Ecologistas culparam a Bíblia pela
destruição da natureza e ameaça à vida no planeta Terra. De fato, a Bíblia,
lida ao pé da letra ensina que Deus criou o ser humano como “senhor da criação”, com poder sobre os
animais e a terra. Entre todos os seres, o humano seria o único criado “à imagem e semelhança de Deus” (Cf. Gn
1, 28; Sl 8).
De fato, as Igrejas cristãs têm uma
dívida enorme com a humanidade. Não basta afirmar que esses males têm sido
produzidos por uma leitura equivocada da Bíblia, que em si não justificaria
esses males. Lamentavelmente, grande parte da hierarquia católica, de pastores
evangélicos e de grupos cristãos de todas as Igrejas ainda pregam o evangelho de
forma dogmática e arrogante. Agem de forma que dão razão a quem pensa que a
Bíblia é arma para quem suscita violências e sofrimentos à humanidade e ao
planeta. É preciso purificar a leitura bíblica e o modo como se fala de Deus. É
preciso revelá-lo como Amor e Compaixão e não como um déspota que impõe a sua
vontade e castiga impiedosamente quem não o obedece. Tem sido justamente esse o
esforço do Centro de Estudos Bíblicos (CEBI), cujo aniversário de 40 anos estamos
comemorando nesse ano. Por iniciativa de frei Carlos Mesters e um pequeno grupo
de amigos e amigas, o CEBI começou em Angra dos Reios, RJ, por uma roda de
conversa entre pessoas que amam a Bíblia. Pouco a pouco, essa iniciativa se
espalhou por todo o Brasil e outros países.

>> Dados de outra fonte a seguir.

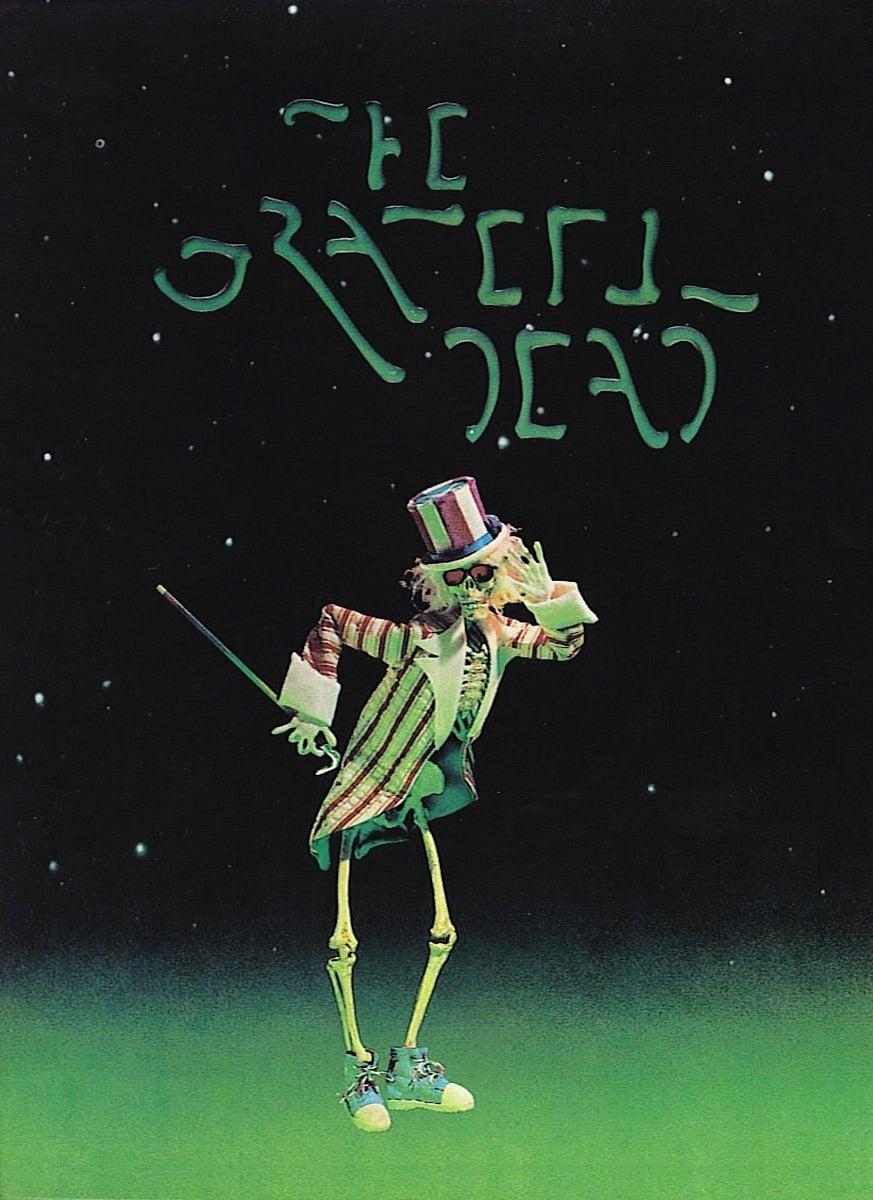 The Grateful Dead poster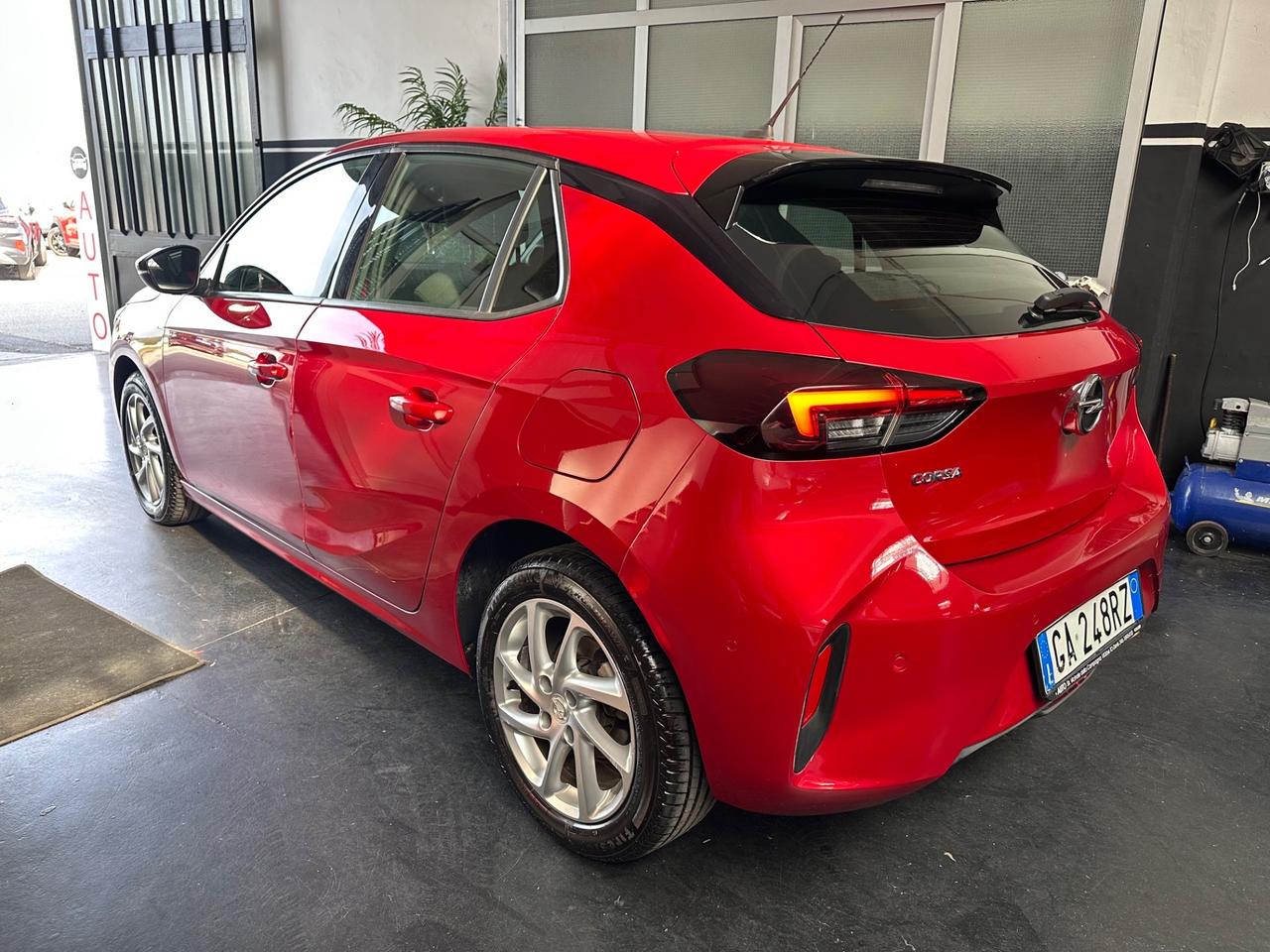 Opel Corsa 1.2 100 CV GS Line PREZZO REALE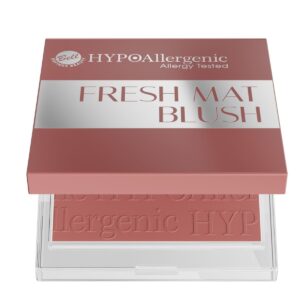 Bell HYPOAllergenic Fresh Mat руж 01, DAHLIA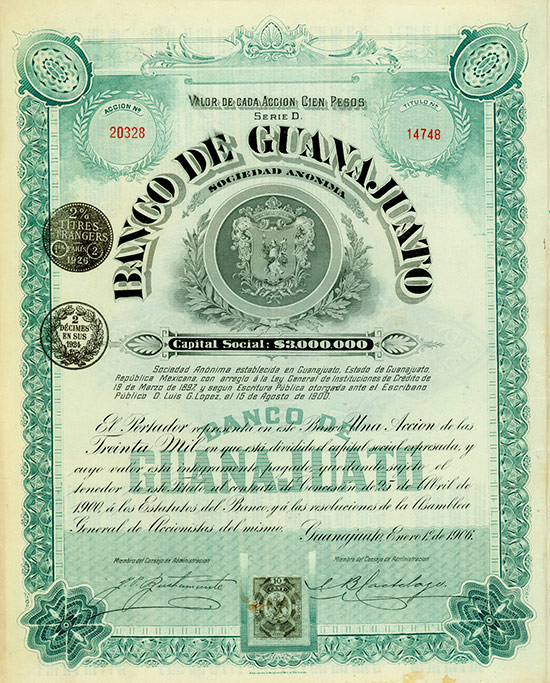 Banco de Guanajuato 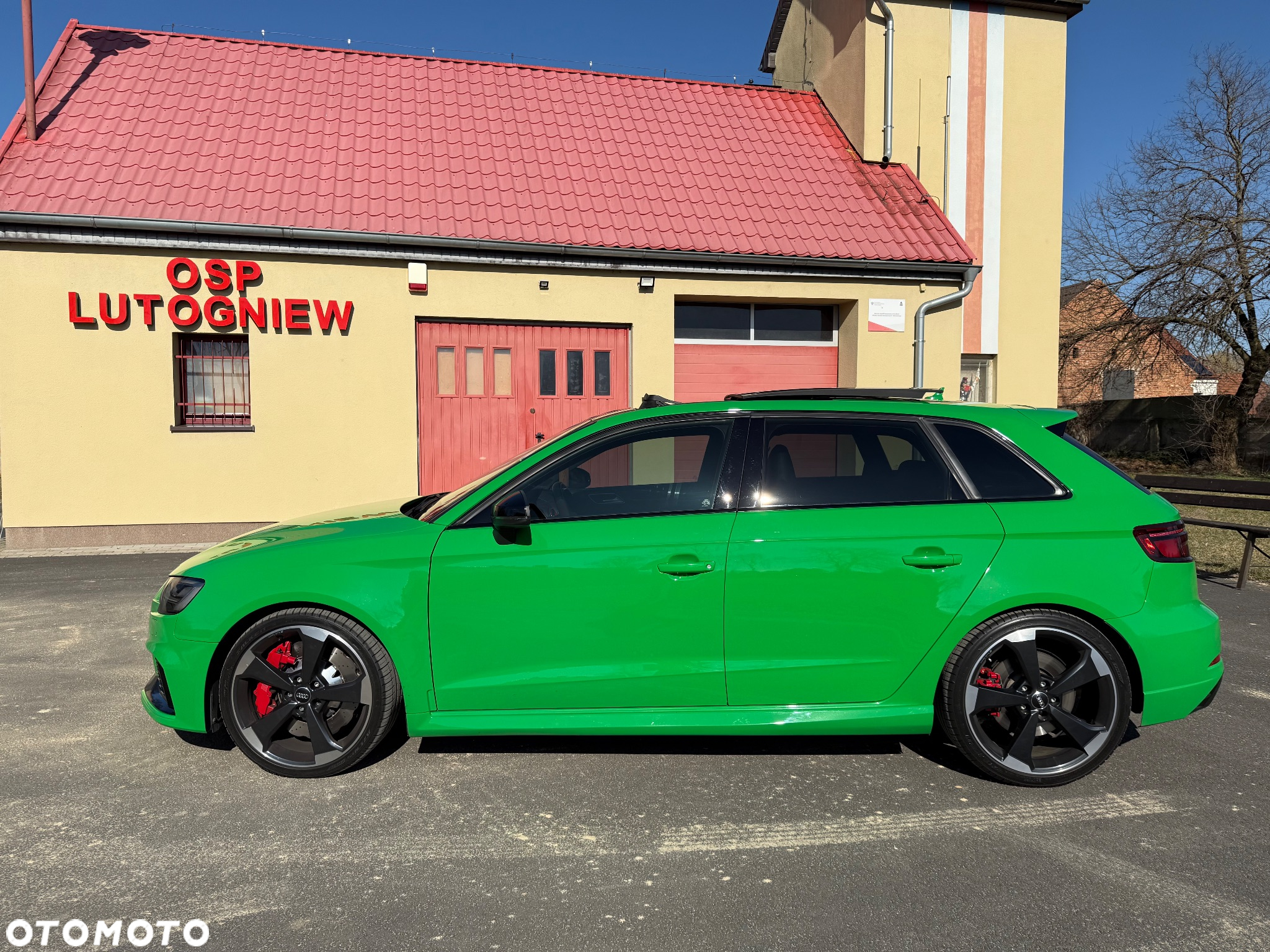 Audi RS3 Sportback 2.5 TFSI Quattro S tronic - 10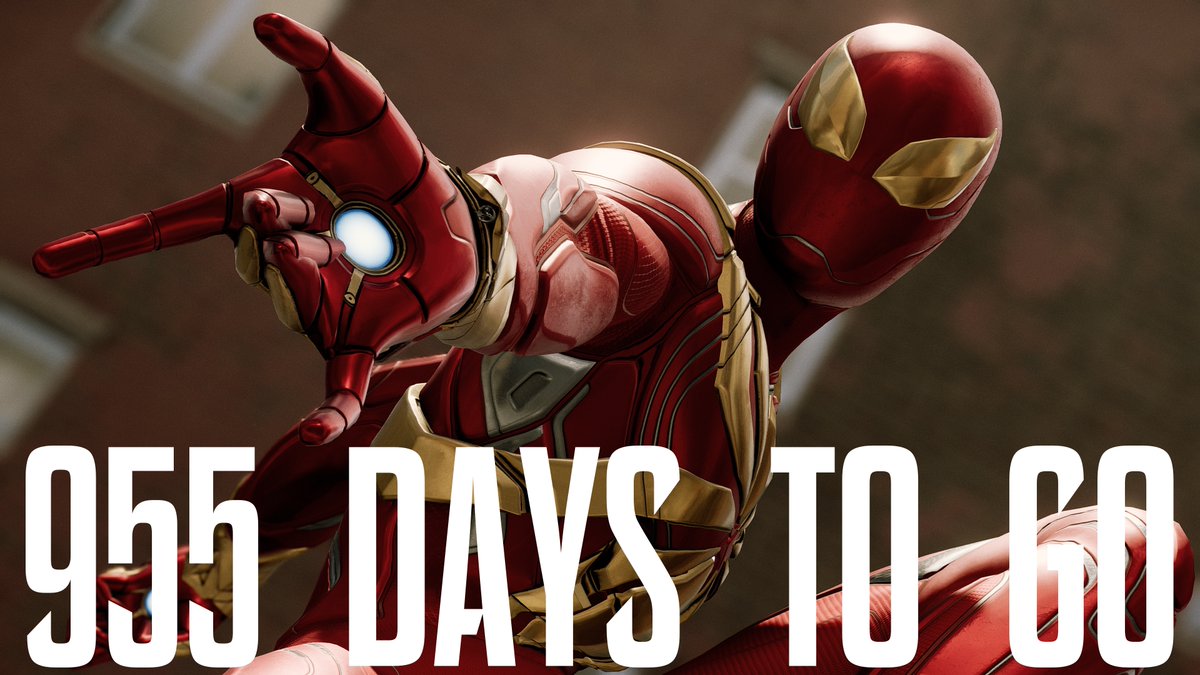 Marvel’s Spider-Man 3 Countdown tweet media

O Centro de Estudos Bíblicos (CEBI)
parte do princípio de que a Bíblia é a escritura
da palavra de Deus. É como uma partitura musical que só se torna música à
medida que é executada. Assim, a Bíblia só se revela palavra divina à medida
que é proclamada e vivida nas comunidades.
Jesus agradeceu ao Pai ter escondido
os seus segredos aos sábios e entendidos do mundo e os ter revelado aos
pequeninos. A eles e elas, Jesus revelou um Deus diferente, Pai que nos ama com
amor maternal. Se é Deus, só pode ser amor e misericórdia. Nunca será ser
vingativo e intolerante. Quer de nós amor e não nenhum sacrifício. Jesus tinha
explicado que não basta espalhar a semente. Ela só será fecunda e dará fruto se
cair em terreno favorável.
O CEBI sempre defendeu que o terreno
melhor para se ouvir e praticar a palavra de Deus é a comunhão com os mais
pobres. É a partir da vida dos oprimidos que, na leitura comunitária e orante
da Bíblia, vamos discernindo a revelação
de um projeto divino de justiça, amor e vida para a humanidade e todo o
universo. Na América Latina, multidões leem a Bíblia para encontrar força de
viver. Em anos recentes, em vários países do continente, muitas pessoas foram
presas e assassinadas por terem lido a Bíblia e nela descoberto que deviam
consagrar suas vidas à transformação do mundo.
Se continuamos a amar a Bíblia e
acolhemos sempre sua mensagem é porque, como lembrava o papa Paulo VI: “para se encontrar a Deus, é fundamental se
encontrar o ser humano”.
MARCELO
BARROS é monge beneditino e escritor. Tem 44 livros publicados, dos
quais “O Espírito vem pelas Águas", Ed. Rede da Paz e Loyola.